- Jinks Crow & Dickson
Wikipedia defines ethics as A branch of philosophy that involves systemizing, defending, and recommending concepts of right and wrong conduct. Alabama citizens in general, and the Alabama legal community in particular, can take pride in the fundamental role Alabama played in the development of modern-day codes of ethics across many disciplines.
Thomas Goode Jones, a nineteenth-century railroad builder, lawyer, politician, and Civil War hero, wrote our nation’s first code of legal ethics, which was adopted by the Alabama State Bar Association in 1887 and the American Bar Association in 1908. Every state bar association in the nation has now followed suit with a Code of Professional Conduct based on Jones’ original work. Jones went on to become Governor of Alabama in 1890, and his name lives on at the Thomas Goode Jones School of Law in Montgomery, Alabama.
As drafted and revised throughout the last 150 years, ethics rules expand on the foundational and timeless Golden Rule: Do unto others as you would have them do unto you. The rules, through prescription and proscription, provide for truthfulness, honesty, integrity, fair treatment of colleagues, adversaries, and clients alike, and respectful decorum toward the institutions of government and society at large.
The principles embedded in legal ethics now drive the ethical codes employed by all levels of government, private and public businesses, charities, trade groups, and associations, both civic and industry-based, throughout the country.
The U. S. Office of Government Ethics was created by Congress in 1978. It describes appropriate behavior by federal officials and, using many of the precepts put forth in Jones’ original 1887 work, contains a comprehensive list of dos and don’ts regarding conflicts of interest, payments to and from officials, truthfulness, and respect for the rule of law.
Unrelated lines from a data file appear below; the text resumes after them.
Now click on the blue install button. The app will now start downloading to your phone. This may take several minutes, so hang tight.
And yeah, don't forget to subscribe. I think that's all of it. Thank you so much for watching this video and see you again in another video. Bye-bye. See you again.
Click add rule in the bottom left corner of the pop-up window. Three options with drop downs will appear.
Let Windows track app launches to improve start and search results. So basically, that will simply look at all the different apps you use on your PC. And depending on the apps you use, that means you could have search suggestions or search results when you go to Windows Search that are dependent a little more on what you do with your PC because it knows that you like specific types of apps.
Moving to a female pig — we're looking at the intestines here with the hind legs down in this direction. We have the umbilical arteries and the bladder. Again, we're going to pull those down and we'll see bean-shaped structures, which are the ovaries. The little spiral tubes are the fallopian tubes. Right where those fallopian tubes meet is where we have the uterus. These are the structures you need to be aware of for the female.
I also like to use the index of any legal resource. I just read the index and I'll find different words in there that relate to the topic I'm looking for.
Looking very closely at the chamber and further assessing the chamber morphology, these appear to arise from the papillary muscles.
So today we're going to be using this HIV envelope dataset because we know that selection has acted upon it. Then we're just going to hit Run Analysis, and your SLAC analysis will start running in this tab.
In 1973, the Alabama Legislature established the Alabama Ethics Commission, which provides mandatory ethics training for newly elected and appointed state officials, with enforcement powers that can ensure its rules are followed. Violations can result in removal from office as well as criminal prosecution. The rules were updated in a special session of the Alabama Legislature in December 2010, to tighten ethical restrictions on government officials, including interactions with lobbyists.
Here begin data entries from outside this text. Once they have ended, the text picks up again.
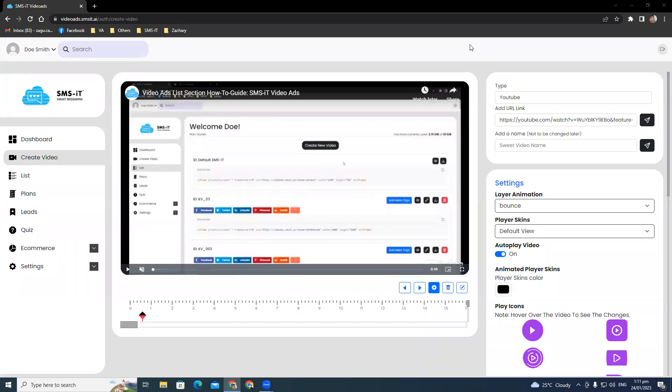Hello, everyone. Welcome to the SMS Hit Video Ads Create Video section. Today, we're going to talk about the settings option in this section.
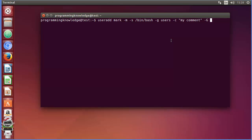There are many more flags you can use, for example -g for giving or assigning a user-defined group, which we are not going to use here. Just use the man command with useradd and you will be able to see what flags you can use with this useradd command.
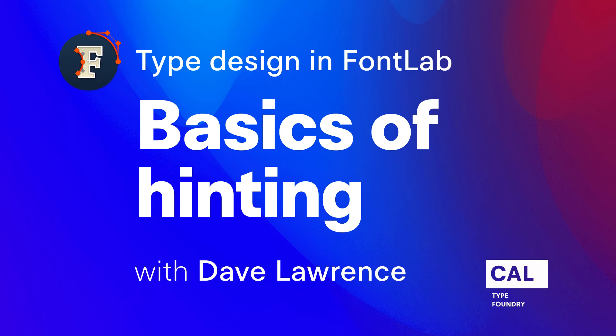That is our quick start video for hinting. So if you wanted to get more FontLab 7 videos, check out fontlab.tv. There's going to be a lot of stuff that we're uploading there. And if you want to see what you can do with FontLab, check out my website, calfonts.com. Thanks so much for watching.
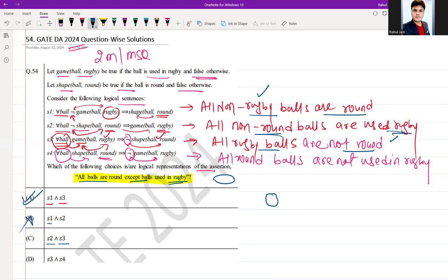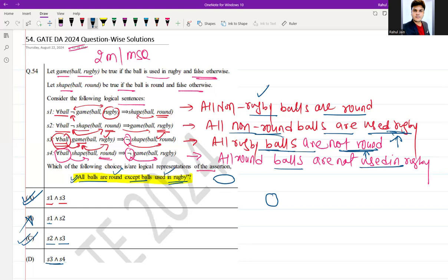Option C is S2 and S3. S2 says all non-round balls are used in rugby, and S3 says all rugby balls are not round. Together these give us 'all balls are round except the balls used in rugby,' so option C is correct. For option D, S3 and S4: all rugby balls are not round and all round balls are not used in rugby — both say the same thing about rugby, but we are not covering any exception case. Thus D is incorrect. So options A and C are the correct answers.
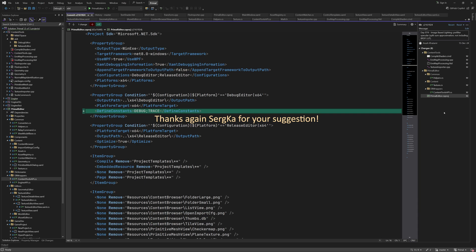And that's all for this episode of the game engine programming series. In the next episode, we'll do the final part of cubemap pre-filtering and finish the implementation of image-based lighting in Primal Engine. Thank you, as always, for joining me, and I'll see you next time.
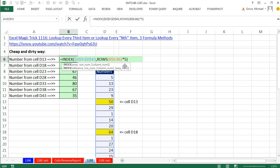Cheap and dirty, why? Because I hard-coded the 5 in here. In this video, I go into a little bit more elaborate detail about how to build a formula so if that changes and you were to look up the 3rd and then the 10th. But cheap and dirty, that's the way to go. All right, we'll see you next trick.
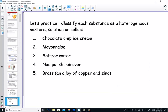Let's practice classifying these as a heterogeneous mixture (suspension), a solution, or a colloid. When you think heterogeneous mixture, think suspension — it can be separated. The examples are: chocolate chip ice cream, mayonnaise, seltzer water, nail polish remover, and brass. Pause the video, put your answer down, and come back when you want to check.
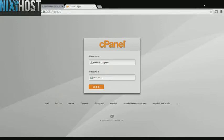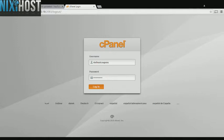This Nixiehost tutorial will show you how to install SQ Lite Manager using Softaculous in cPanel. We'll begin by logging into cPanel.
Business schools in our universities and colleges now require courses in business ethics. Various industry associations, including the health care industry, have requested and received legislation establishing licensing rules which can suspend or revoke business licenses for its practitioners who fail to follow ethical guidelines.
In recent years, our dedication to the sanctity of our rules regarding ethical conduct, especially on the part of government officials, has been tested by news-making developments at the state and federal levels. Governor Bob Riley, the very governor who called the special session in 2010, has seen his integrity questioned regarding the laundering of Indian Casino money for political purposes and regarding meddling by himself and members of his family, again for political purposes, in criminal prosecutions, both state and federal, of political opponents.
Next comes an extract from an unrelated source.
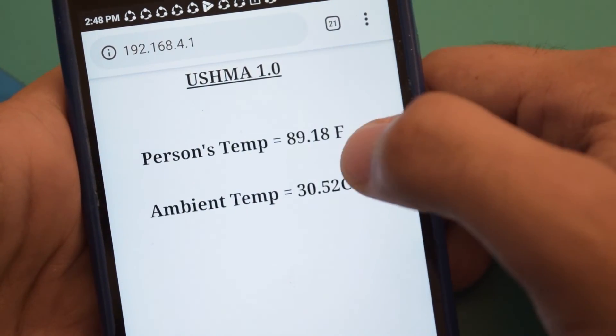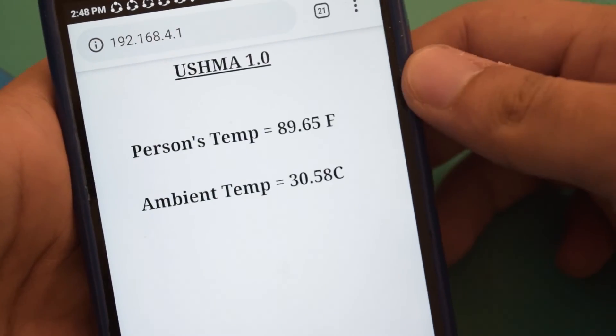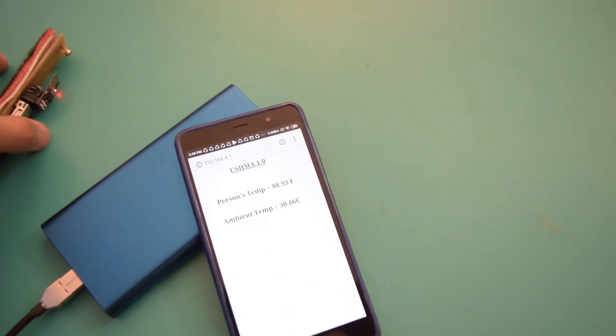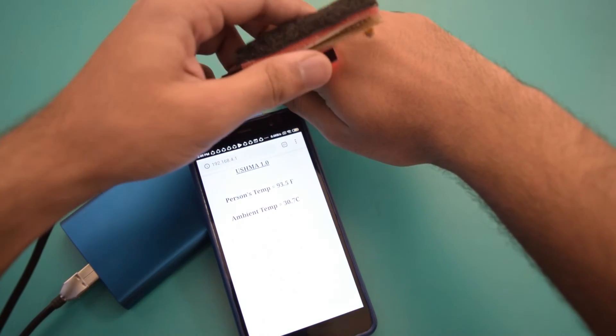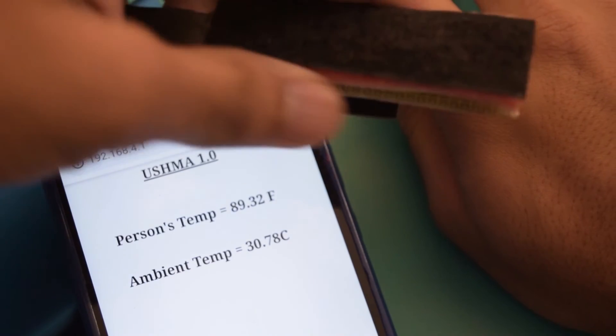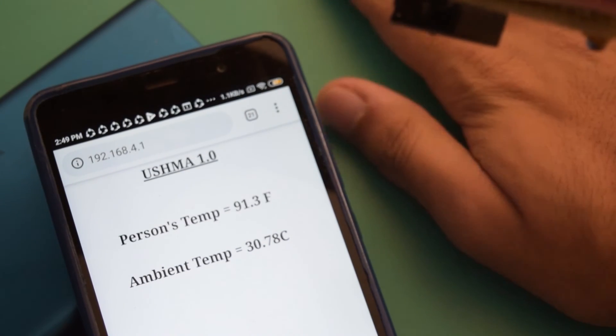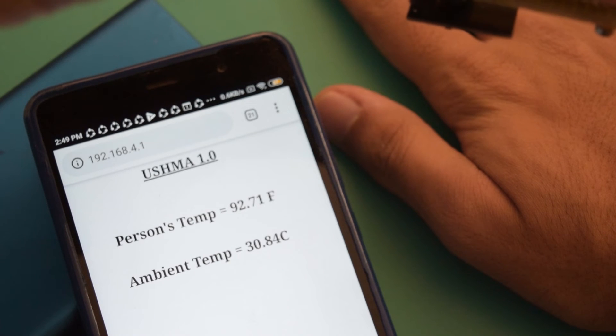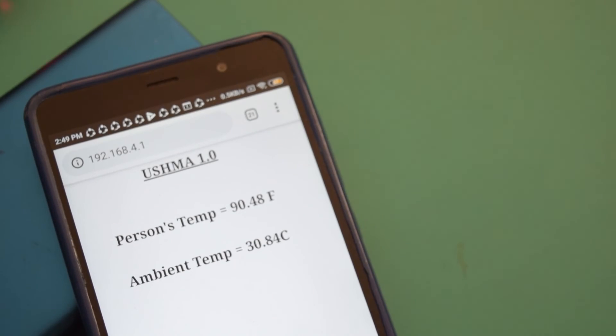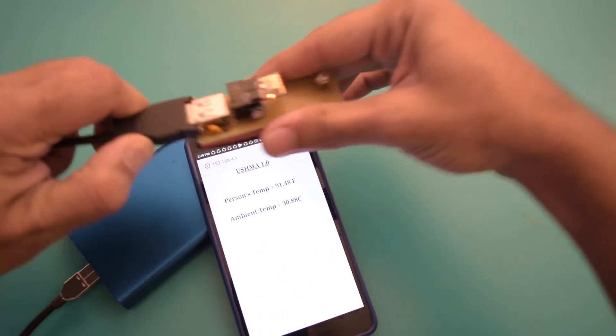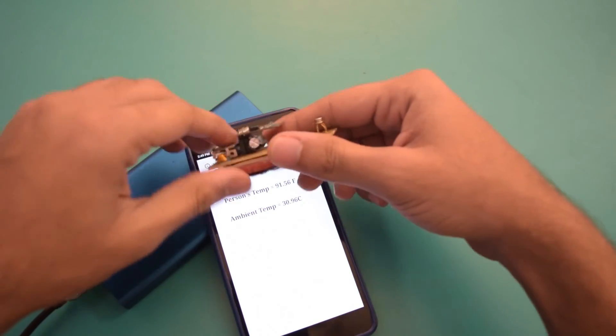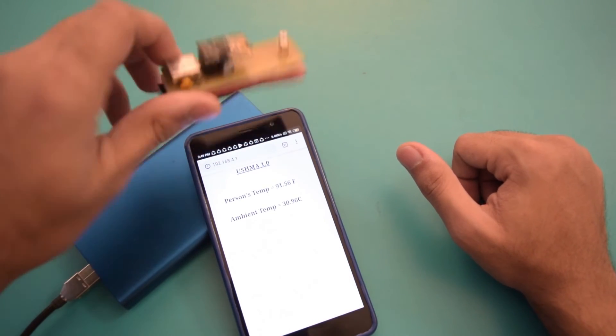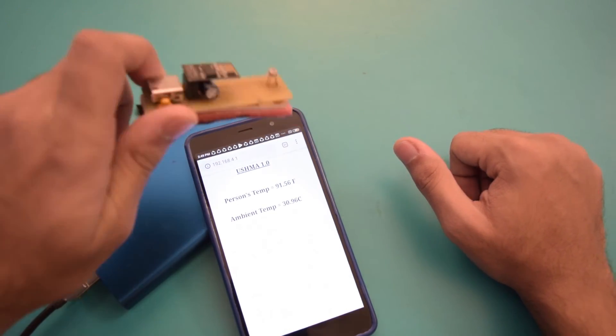I refresh the page and there you go, the values are getting updated. See, in the same manner I'm taking my skin temperature. So you can see when I touch it or not even touch, when it's near the skin, you can see the skin temperature is about 92.71 Fahrenheit. So this is how you can use this particular thermometer. You can keep it in the pocket, you can carry it anywhere, you can carry it with the smartphone or power bank. So it's a very handy option.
The Speaker of the Alabama House of Representatives who shepherded the 2010 ethics legislation, Rep. Mike Hubbard, was prosecuted and convicted of violating the same rules he helped enact, and now faces a lengthy prison term. Governor Robert Bentley, Riley’s successor, was forced to resign after admitting to serious ethical violations after he took office. Alabama’s Supreme Court Chief Justice Roy Moore was forced out of office for the second time for failing to follow edicts of the U.S Supreme Court regarding the Constitutional prohibitions against the mingling of church and state.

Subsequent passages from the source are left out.